[Data extracted from a collection]

■ ■ ■ ■ ■ ■ ■

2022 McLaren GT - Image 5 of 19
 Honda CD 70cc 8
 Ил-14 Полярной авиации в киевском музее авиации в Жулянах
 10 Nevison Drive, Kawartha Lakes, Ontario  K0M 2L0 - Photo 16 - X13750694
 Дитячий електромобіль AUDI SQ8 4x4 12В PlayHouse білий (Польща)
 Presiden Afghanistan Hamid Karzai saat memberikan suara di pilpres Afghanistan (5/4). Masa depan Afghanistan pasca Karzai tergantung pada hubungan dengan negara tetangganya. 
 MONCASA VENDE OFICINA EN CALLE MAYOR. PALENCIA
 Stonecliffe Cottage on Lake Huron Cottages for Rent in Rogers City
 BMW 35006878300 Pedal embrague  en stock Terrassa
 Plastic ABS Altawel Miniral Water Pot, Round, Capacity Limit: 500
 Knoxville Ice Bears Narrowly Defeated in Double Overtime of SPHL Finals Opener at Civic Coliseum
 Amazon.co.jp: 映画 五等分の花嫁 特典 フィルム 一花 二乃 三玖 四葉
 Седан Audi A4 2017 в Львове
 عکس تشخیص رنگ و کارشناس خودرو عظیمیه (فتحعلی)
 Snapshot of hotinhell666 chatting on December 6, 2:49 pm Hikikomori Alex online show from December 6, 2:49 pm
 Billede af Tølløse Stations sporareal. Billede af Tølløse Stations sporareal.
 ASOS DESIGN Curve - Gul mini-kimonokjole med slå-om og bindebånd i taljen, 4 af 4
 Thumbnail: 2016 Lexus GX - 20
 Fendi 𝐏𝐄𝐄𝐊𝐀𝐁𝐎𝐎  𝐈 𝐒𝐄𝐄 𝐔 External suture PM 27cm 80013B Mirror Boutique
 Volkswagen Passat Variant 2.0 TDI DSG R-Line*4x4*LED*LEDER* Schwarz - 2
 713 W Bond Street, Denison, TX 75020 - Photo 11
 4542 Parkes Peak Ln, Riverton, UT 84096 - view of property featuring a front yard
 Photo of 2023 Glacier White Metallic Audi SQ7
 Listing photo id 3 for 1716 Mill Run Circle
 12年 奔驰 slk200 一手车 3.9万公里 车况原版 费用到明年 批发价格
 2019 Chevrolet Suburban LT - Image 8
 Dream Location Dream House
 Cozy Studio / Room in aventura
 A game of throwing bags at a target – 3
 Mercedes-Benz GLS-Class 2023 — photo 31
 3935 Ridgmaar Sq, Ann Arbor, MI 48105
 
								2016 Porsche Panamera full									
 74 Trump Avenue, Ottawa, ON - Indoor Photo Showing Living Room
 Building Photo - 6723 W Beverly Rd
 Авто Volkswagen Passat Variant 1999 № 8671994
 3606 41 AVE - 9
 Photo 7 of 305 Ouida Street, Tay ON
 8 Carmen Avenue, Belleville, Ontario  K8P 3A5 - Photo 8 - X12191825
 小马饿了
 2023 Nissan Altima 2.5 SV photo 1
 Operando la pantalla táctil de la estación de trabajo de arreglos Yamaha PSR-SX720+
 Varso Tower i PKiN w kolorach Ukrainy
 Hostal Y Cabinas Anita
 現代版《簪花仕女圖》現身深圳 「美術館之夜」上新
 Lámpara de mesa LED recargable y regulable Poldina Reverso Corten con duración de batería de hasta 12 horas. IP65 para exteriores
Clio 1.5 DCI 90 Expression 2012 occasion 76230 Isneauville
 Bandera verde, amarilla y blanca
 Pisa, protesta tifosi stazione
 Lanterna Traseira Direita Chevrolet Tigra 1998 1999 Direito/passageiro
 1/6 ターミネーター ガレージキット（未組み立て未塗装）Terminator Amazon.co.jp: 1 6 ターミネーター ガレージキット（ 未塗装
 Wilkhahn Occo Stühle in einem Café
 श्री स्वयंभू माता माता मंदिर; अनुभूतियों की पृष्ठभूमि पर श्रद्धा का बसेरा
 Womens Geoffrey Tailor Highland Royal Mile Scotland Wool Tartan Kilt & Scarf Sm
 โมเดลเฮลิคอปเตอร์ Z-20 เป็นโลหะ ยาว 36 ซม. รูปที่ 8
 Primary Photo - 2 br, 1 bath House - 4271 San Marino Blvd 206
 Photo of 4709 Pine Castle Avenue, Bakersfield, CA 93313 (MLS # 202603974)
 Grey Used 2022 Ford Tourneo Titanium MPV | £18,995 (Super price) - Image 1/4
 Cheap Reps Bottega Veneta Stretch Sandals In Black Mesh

■ ■ ■ ■ ■ ■ ■

Assignment — Could each line above be retyped exactly?

Task answer —
2022 McLaren GT - Image 5 of 19
 Honda CD 70cc 8
 Ил-14 Полярной авиации в киевском музее авиации в Жулянах
 10 Nevison Drive, Kawartha Lakes, Ontario  K0M 2L0 - Photo 16 - X13750694
 Дитячий електромобіль AUDI SQ8 4x4 12В PlayHouse білий (Польща)
 Presiden Afghanistan Hamid Karzai saat memberikan suara di pilpres Afghanistan (5/4). Masa depan Afghanistan pasca Karzai tergantung pada hubungan dengan negara tetangganya. 
 MONCASA VENDE OFICINA EN CALLE MAYOR. PALENCIA
 Stonecliffe Cottage on Lake Huron Cottages for Rent in Rogers City
 BMW 35006878300 Pedal embrague  en stock Terrassa
 Plastic ABS Altawel Miniral Water Pot, Round, Capacity Limit: 500
 Knoxville Ice Bears Narrowly Defeated in Double Overtime of SPHL Finals Opener at Civic Coliseum
 Amazon.co.jp: 映画 五等分の花嫁 特典 フィルム 一花 二乃 三玖 四葉
 Седан Audi A4 2017 в Львове
 عکس تشخیص رنگ و کارشناس خودرو عظیمیه (فتحعلی)
 Snapshot of hotinhell666 chatting on December 6, 2:49 pm Hikikomori Alex online show from December 6, 2:49 pm
 Billede af Tølløse Stations sporareal. Billede af Tølløse Stations sporareal.
 ASOS DESIGN Curve - Gul mini-kimonokjole med slå-om og bindebånd i taljen, 4 af 4
 Thumbnail: 2016 Lexus GX - 20
 Fendi 𝐏𝐄𝐄𝐊𝐀𝐁𝐎𝐎  𝐈 𝐒𝐄𝐄 𝐔 External suture PM 27cm 80013B Mirror Boutique
 Volkswagen Passat Variant 2.0 TDI DSG R-Line*4x4*LED*LEDER* Schwarz - 2
 713 W Bond Street, Denison, TX 75020 - Photo 11
 4542 Parkes Peak Ln, Riverton, UT 84096 - view of property featuring a front yard
 Photo of 2023 Glacier White Metallic Audi SQ7
 Listing photo id 3 for 1716 Mill Run Circle
 12年 奔驰 slk200 一手车 3.9万公里 车况原版 费用到明年 批发价格
 2019 Chevrolet Suburban LT - Image 8
 Dream Location Dream House
 Cozy Studio / Room in aventura
 A game of throwing bags at a target – 3
 Mercedes-Benz GLS-Class 2023 — photo 31
 3935 Ridgmaar Sq, Ann Arbor, MI 48105
 
								2016 Porsche Panamera full									
 74 Trump Avenue, Ottawa, ON - Indoor Photo Showing Living Room
 Building Photo - 6723 W Beverly Rd
 Авто Volkswagen Passat Variant 1999 № 8671994
 3606 41 AVE - 9
 Photo 7 of 305 Ouida Street, Tay ON
 8 Carmen Avenue, Belleville, Ontario  K8P 3A5 - Photo 8 - X12191825
 小马饿了
 2023 Nissan Altima 2.5 SV photo 1
 Operando la pantalla táctil de la estación de trabajo de arreglos Yamaha PSR-SX720+
 Varso Tower i PKiN w kolorach Ukrainy
 Hostal Y Cabinas Anita
 現代版《簪花仕女圖》現身深圳 「美術館之夜」上新
 Lámpara de mesa LED recargable y regulable Poldina Reverso Corten con duración de batería de hasta 12 horas. IP65 para exteriores
Clio 1.5 DCI 90 Expression 2012 occasion 76230 Isneauville
 Bandera verde, amarilla y blanca
 Pisa, protesta tifosi stazione
 Lanterna Traseira Direita Chevrolet Tigra 1998 1999 Direito/passageiro
 1/6 ターミネーター ガレージキット（未組み立て未塗装）Terminator Amazon.co.jp: 1 6 ターミネーター ガレージキット（ 未塗装
 Wilkhahn Occo Stühle in einem Café
 श्री स्वयंभू माता माता मंदिर; अनुभूतियों की पृष्ठभूमि पर श्रद्धा का बसेरा
 Womens Geoffrey Tailor Highland Royal Mile Scotland Wool Tartan Kilt & Scarf Sm
 โมเดลเฮลิคอปเตอร์ Z-20 เป็นโลหะ ยาว 36 ซม. รูปที่ 8
 Primary Photo - 2 br, 1 bath House - 4271 San Marino Blvd 206
 Photo of 4709 Pine Castle Avenue, Bakersfield, CA 93313 (MLS # 202603974)
 Grey Used 2022 Ford Tourneo Titanium MPV | £18,995 (Super price) - Image 1/4
 Cheap Reps Bottega Veneta Stretch Sandals In Black Mesh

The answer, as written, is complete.